I find myself wishing the same where you (and many like you) are concerned. The thing about communicating with the likes of you is that you DO take great pleasure in saying things that you KNOW will hurt us. You admittedly take great pleasure in that and quite frankly this is what makes us take you far less seriously than we would if you were kind. You also seem to come up with a different reason to object to our honest emotions (as though that were even possible) each time you comment. You change your reasoning about as much as you change your underwear. You are out there looking for a fight for no other reason than to give validity to your own unrealistic fears. Another reason I personally find it impossible to take you seriously.
“I like her stance that not all adoptees are messed up and angry and longing for their birth mommies. She provides another perspective that I find refreshing.”

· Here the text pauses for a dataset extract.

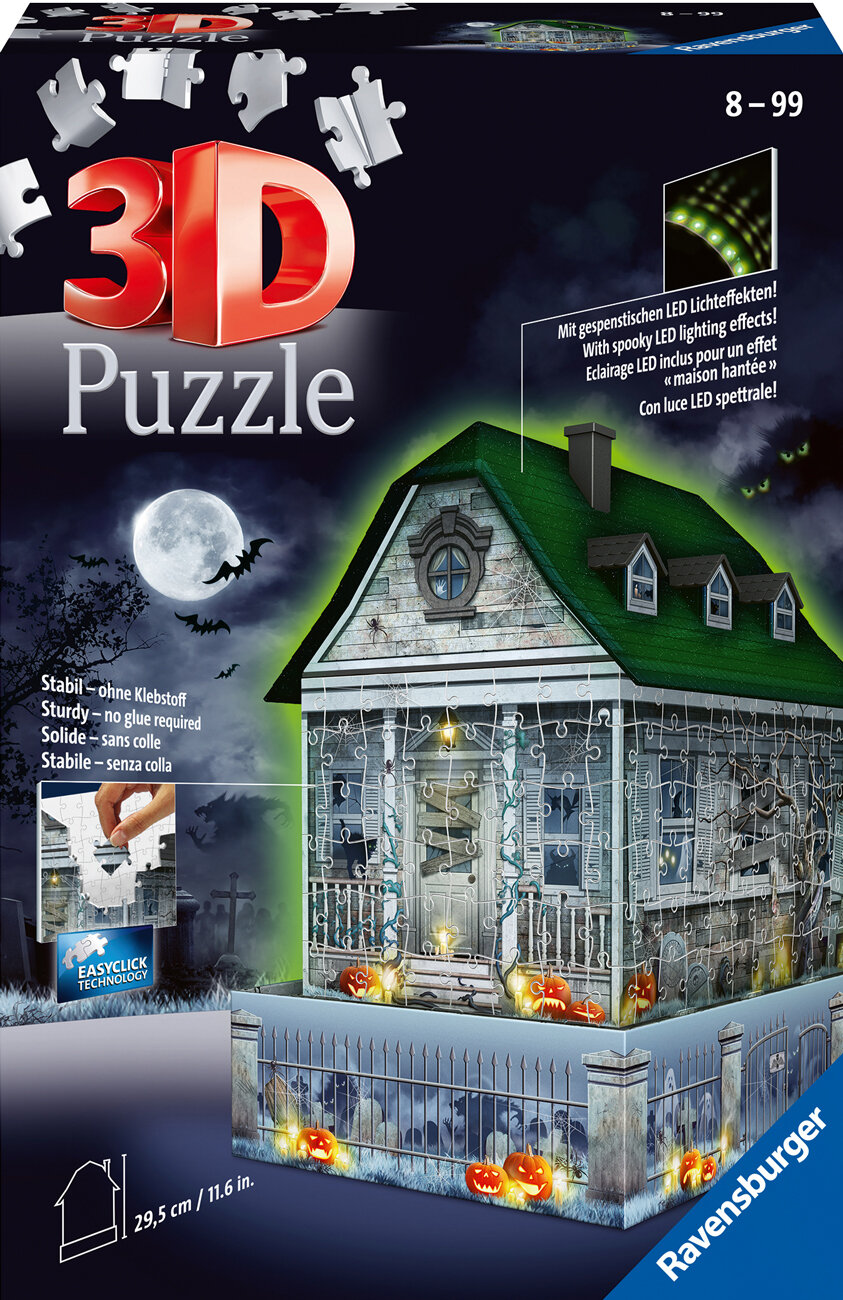 Ravensburger 3D Pussel, Haunted House med nattljus 216 bitar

Of course you find this refreshing. Why would you want to go through life thinking your own children may actually be MISSING their mother? That they may be angry about that AND be “messed up” about the whole thing because everyone around them (including their parents) in no uncertain terms tell them they are UNREASONABLE for feeling this way? Don’t think for a second that your children do not sense this even if it is not spoken.
“For those who do want to stay in contact, like my children’s birth mothers, it has worked out fine. For my friend’s son’s mother, she has sent a clear message about what she wanted the day she disappeared.”
You are right, there are plenty of mothers out there who are NOT wishing for reunion. We all know that. Many of us have actually faced that. But make no mistake; that in NO WAY removes our desire to FEEL the most natural thing in the world which is to connect in some way with the people responsible for our existence. You nor anyone else may take that from us. You nor anyone else may explain away our birthright. When you try to discredit us you only create that which you so adamently object to……….messed up and angry people. Who, by the way will (regardless of the situation) long for that connection one way or another.
I do not have any attachment as to your like or dislike of me but PLEASE consider what I have said for the sake of your children. Your goal of discrediting us only serves to discredit the little ones under your own roof.